Reputation: 3062
I wrote a custom spider to recursively scape pages of a website and store the details of each crawl in my postgres database:
class MySpider(scrapy.Spider):
name = 'my_spider'
def __init__(self):
self.start_urls = ['http://www.example.com']
def parse(self, response):
yield scrapy.request(self.start_urls[0], callback=self.parse_page)
def parse_page(self, response):
with transaction.manager:
crawl = Crawl()
crawl.url = response.request.url
crawl.response_body = response.body
Session.add(crawl)
Session.flush()
if len(response.css('.pager-next')) == 1:
# build url for the next page to crawl
# ...
yield scrapy.Request(url=full_url, callback=self.parse_page)
The problem is that I want to get back a list of ids for the crawls that were added to the database, which another function can use.
def scrape_website():
process = CrawlerProcess()
process.crawl(MySpider)
process.start() # <-- how to return crawl ids?
parse_crawls(crawl_ids)
Any ideas?
Upvotes: 0
Views: 652
Reputation: 5181
You should use the Item Pipeline to store your data in Postgresql
Look at pipelines.py
example from this article
import psycopg2
from scrapy_example_com.items import *
class ScrapyExampleComPipeline(object):
def __init__(self):
self.connection = psycopg2.connect(host='localhost', database='scrapy_example_com', user='postgres')
self.cursor = self.connection.cursor()
def process_item(self, item, spider):
# check item type to decide which table to insert
try:
if type(item) is CustomerItem:
self.cursor.execute("""INSERT INTO customers (id, firstname, lastname, phone, created_at, updated_at, state) VALUES(%s, %s, %s, %s, %s, %s, %s)""", (item.get('id'), item.get('firstname'), item.get('lastname'), item.get('phone'), item.get('created_at'), item.get('updated_at'), item.get('state'), ))
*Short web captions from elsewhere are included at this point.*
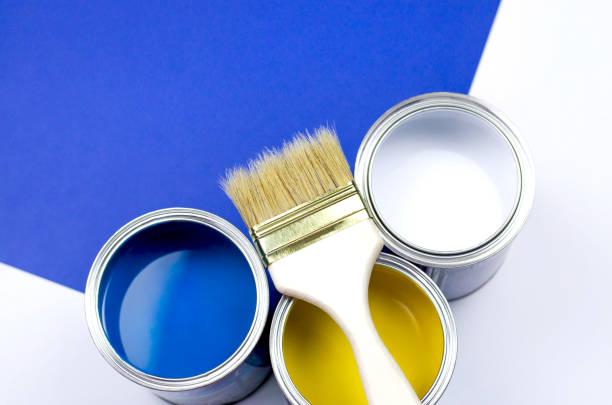 istock Wooden brush with three multi-colored cans of paint. 1157569704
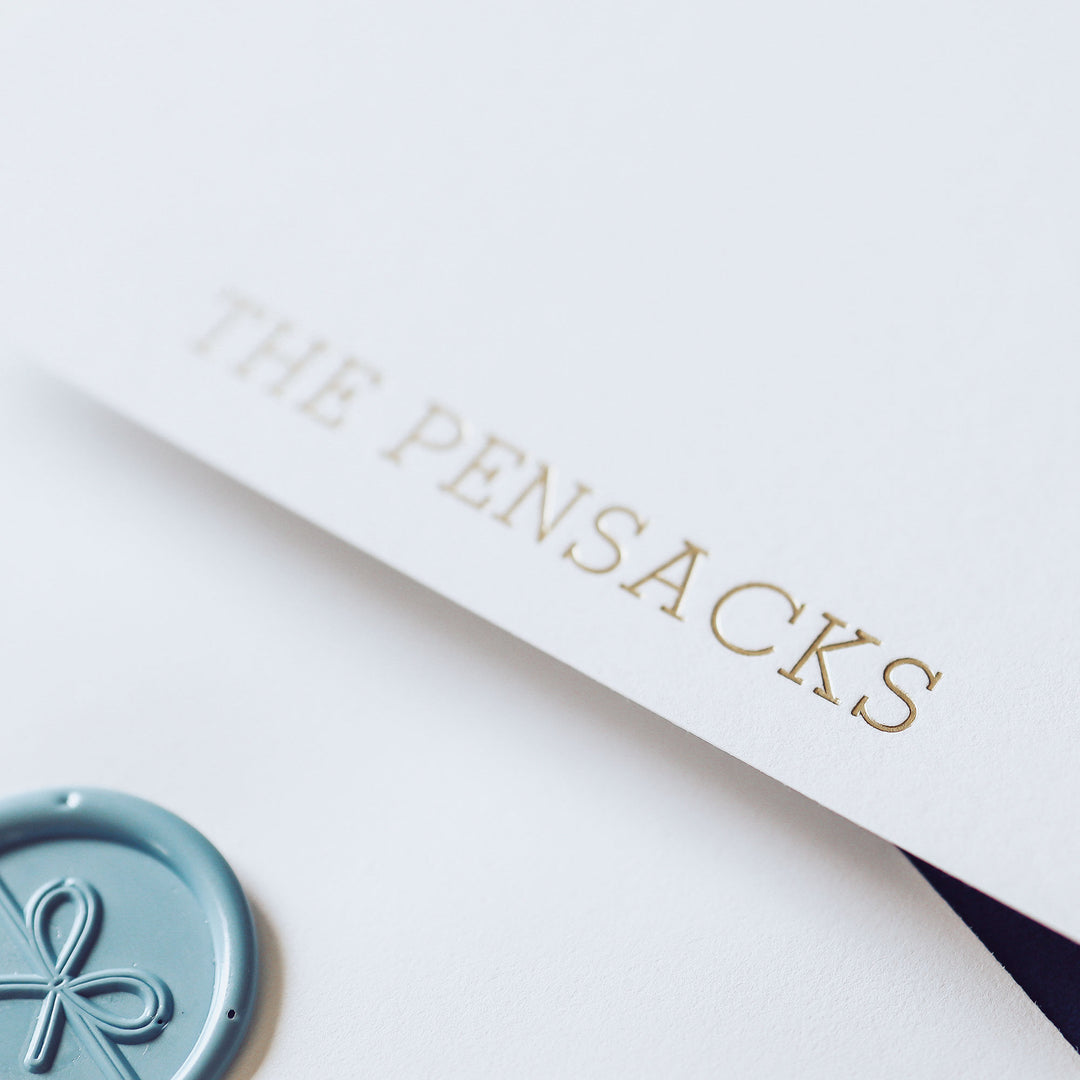 A closeup of a custom foil pressed note card on cotton paper styled with wax seal
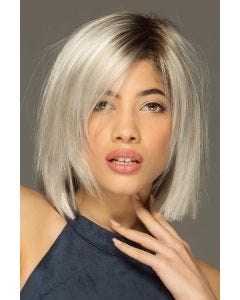 Woman in a shoulder length platinum blonde razor cut lace front wig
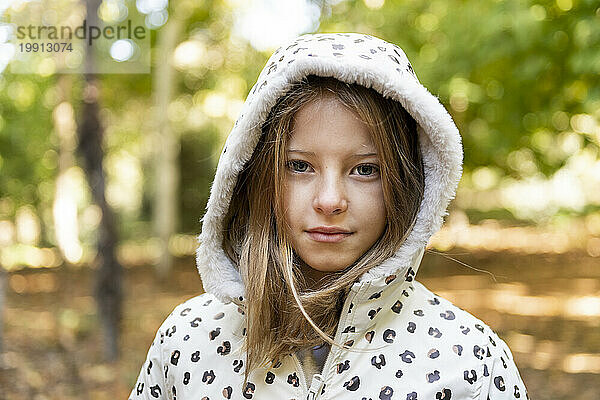 Lächelndes Mädchen mit Kapuzenshirt im Park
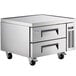 An Avantco stainless steel chef base with two refrigerated drawers on wheels.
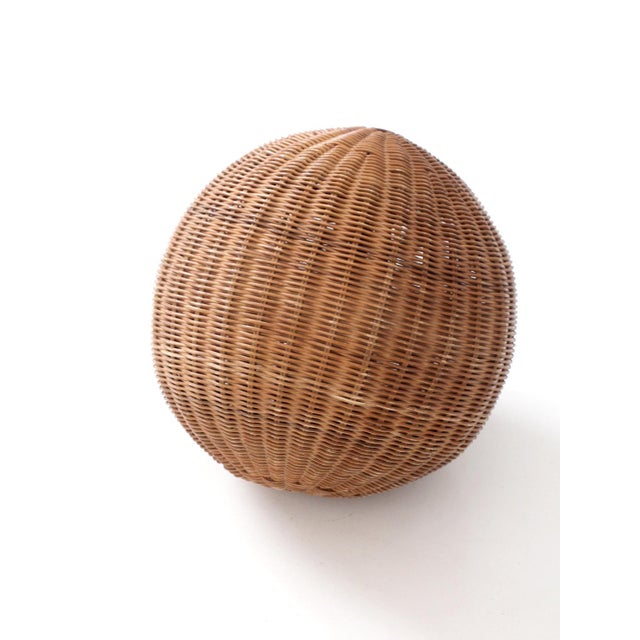 A large vintage wicker orb with a tightly woven spiral form and sculptural rounded silhouette. The ribbed patterning...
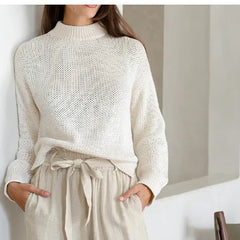 Light beige linen wide-leg trousers for women, loose pull-on pants with a relaxed fit and comfortable design.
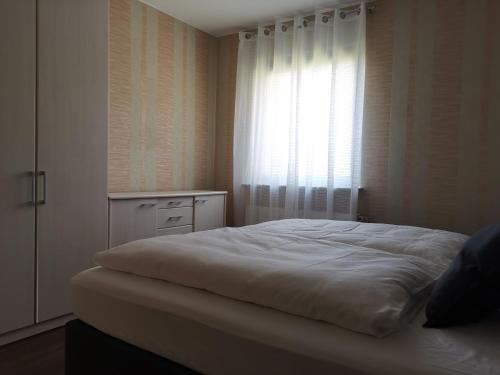 una camera con un letto bianco e una finestra di Quiet apartment with green view in urban location a Braunschweig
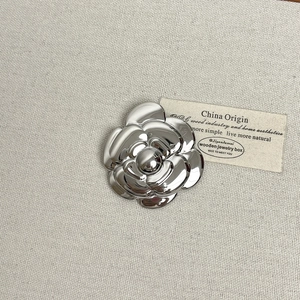 Detailed macro view of silver camellia brooch with layered metallic petals and glossy finish
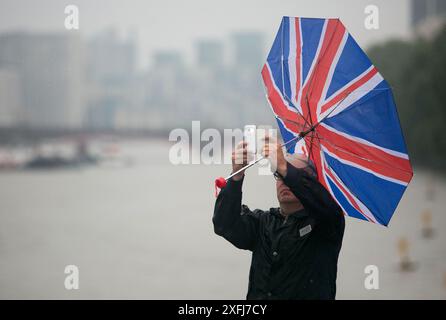 Foto datata 13/08/15 di un ombrello di un uomo che esplode dentro mentre scatta una foto con il suo cellulare a Westminster, Londra. Venti fino a 40 km/h colpiranno il Regno Unito mentre gli elettori si dirigono verso i seggi elettorali, ha affermato il MET Office. Secondo il predetto, sono previste anche docce in tutta la Scozia occidentale e nord-occidentale, nell'Inghilterra nordoccidentale e in tutta l'Irlanda del Nord il giovedì. L'Inghilterra sud-orientale sperimenterà il clima più caldo e luminoso, con le aree intorno a Londra che si prevede raggiungano temperature fino a 22C. Data di pubblicazione: Giovedì 4 luglio 2024. Foto Stock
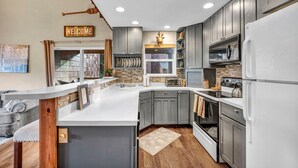 A modern kitchen with grey cabinets, a white countertop, a built-in oven, and a refrigerator. - Tahoe Donner Getaway | Ski-In/Ski-Out Retreat (Truckee)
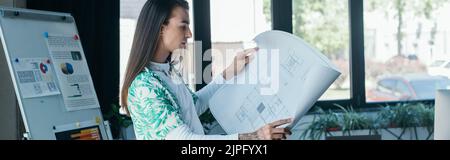 Seitenansicht der nichtbinären Person, die Blaupause in kreativer Agentur hält, Banner Stockfoto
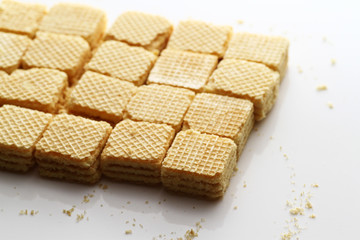 A wafer is a crisp, often sweet, very thin, flat, light and dry biscuit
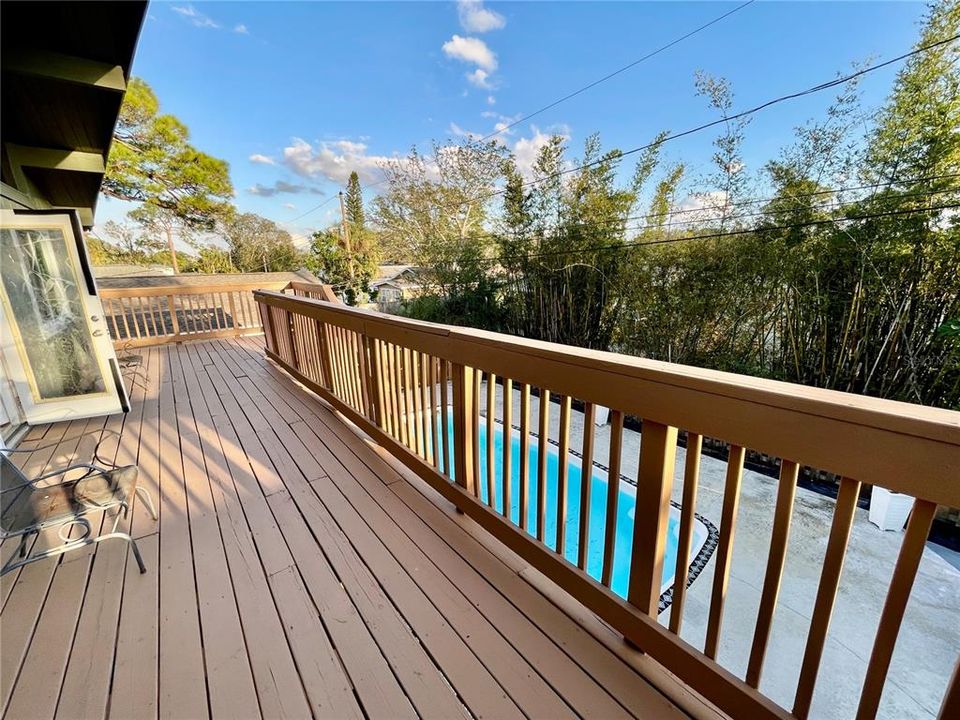 2nd floor deck showing French doors open on left lead to living area.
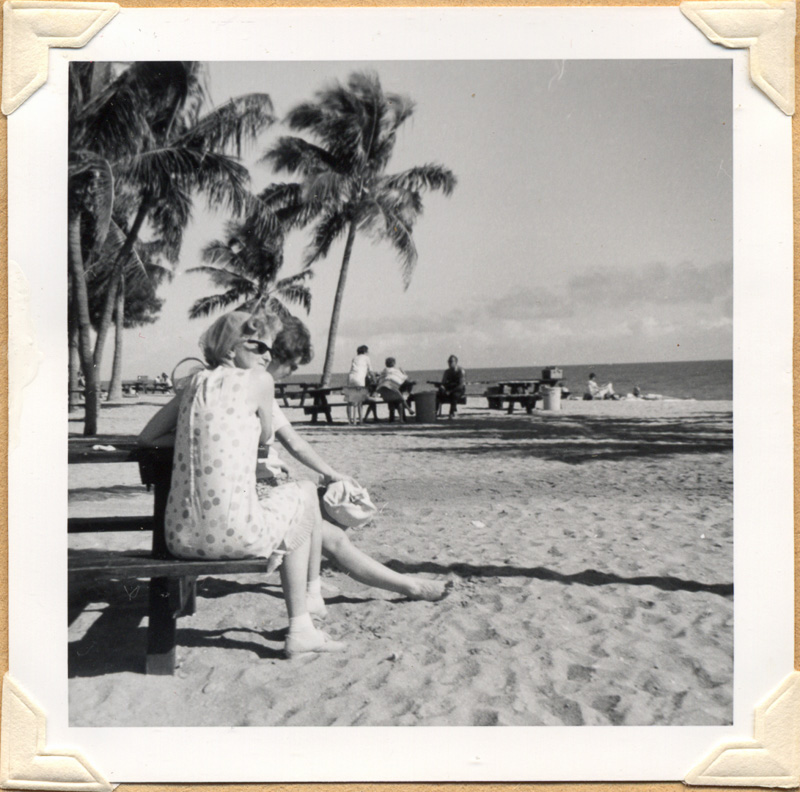 Black and white square photograph of woman on beach with palm trees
elif type(item) is CategoryItem:
self.cursor.execute("""INSERT INTO categories (id, name) VALUES(%s, %s)""", (item.get('id'), item.get('code'), ))
self.connection.commit()
self.cursor.fetchall()
except psycopg2.DatabaseError, e:
print "Error: %s" % e
return item
And don't forget to update your settings.py
ITEM_PIPELINES = {
'scrapy_taskeme.pipelines.ScrapyExampleComPipeline': 300
}
Upvotes: 1